This sprightly centenarian amazes everyone with her computer literacy, sending her own e-mails and messages. She is also an avid reader, spending half the day with her books “when I don’t have visitors”.

She was born into a religious Orthodox family, with her father Yitzchak Katz, an intellectual and a Torah scholar. Her father acted as a reverend for the Lions Shul (Doornfontein Hebrew Congregation). “I learnt Hebrew and Torah from him and my brother, Morris, and ended up teaching Hebrew myself.”

Copelowitz was one of eight children and helped to run the household.  “Although I always wanted to be a doctor,” she says, she ended up becoming a shorthand typist.

She attended Jewish Guild Elementary School and then Athlone Girls’ High.
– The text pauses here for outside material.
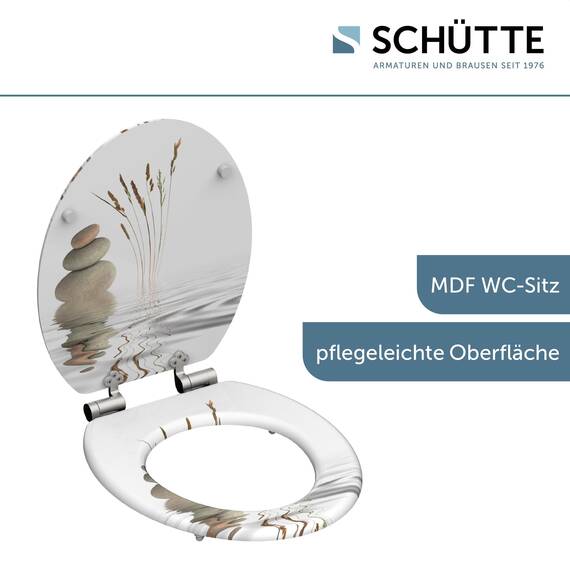 SCHÜTTE WC-Sitz BALANCE mit Absenkautomatik aus Holz, hochwertiger Toilettendeckel mit 175kg Belastbarkeit, Toilettensitz mit Brille, Klodeckel für WC, MDF Holzkern Klobrille mit Motiv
Her working career, however, was short-lived when she met and married a distant relative, Louis Copelowitz, who came to South Africa at the height of the Lithuanian and Polish immigration.

“We all gathered in my parents’ home, which was a meeting place for the immigrants. It was very hard for my husband initially as he had to learn English, but he found work in a furniture factory.” Later, he bought up lots of properties and made a good living.

The couple had four children – Stanley, Ethne, Ivan and Leone. Stanley and Ethne have since passed on.

In 1969 she and her husband were involved in a terrible car accident. He was killed and her legs were badly burnt. She took over the management of their properties and only sold them when she turned 95.

She played bowls until recently and only stopped driving in her nineties.

Rabbi Chaikin paid tribute to this stalwart of his congregation. “I wish her many more happy healthy years and naches from her children, grandchildren and great-grandchildren,” he said.